→ Material provided:
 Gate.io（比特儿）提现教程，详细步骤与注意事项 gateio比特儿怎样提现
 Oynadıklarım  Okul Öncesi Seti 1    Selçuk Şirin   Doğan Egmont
==
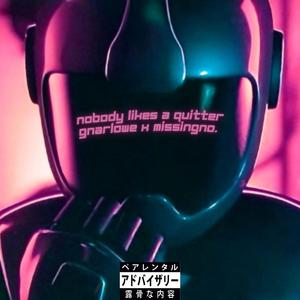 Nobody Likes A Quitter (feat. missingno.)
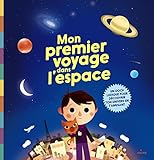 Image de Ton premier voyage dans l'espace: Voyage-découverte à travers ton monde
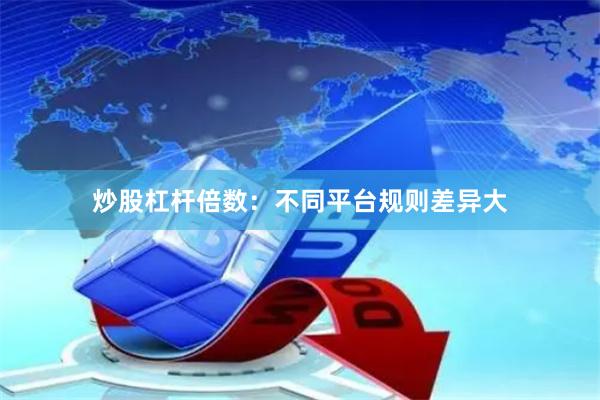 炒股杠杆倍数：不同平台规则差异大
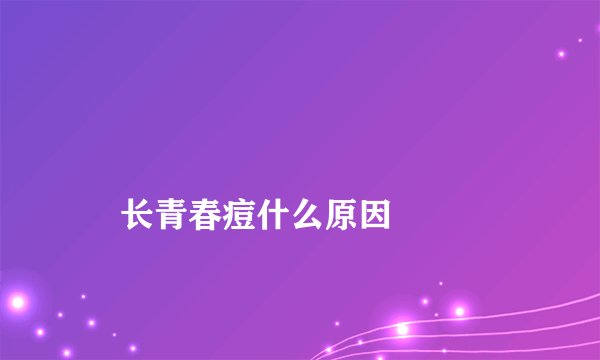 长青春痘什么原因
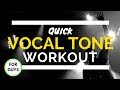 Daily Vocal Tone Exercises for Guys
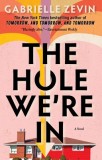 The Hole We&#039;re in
...
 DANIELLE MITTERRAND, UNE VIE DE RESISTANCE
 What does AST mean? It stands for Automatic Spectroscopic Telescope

→ What you should do:
In the entries above, please find the line with "Gate.io（比特儿）提现" and the line with "Okul Öncesi Seti", then write out exactly those two lines and every line between them, and nothing more.

→ Response:
 Gate.io（比特儿）提现教程，详细步骤与注意事项 gateio比特儿怎样提现
 Oynadıklarım  Okul Öncesi Seti 1    Selçuk Şirin   Doğan Egmont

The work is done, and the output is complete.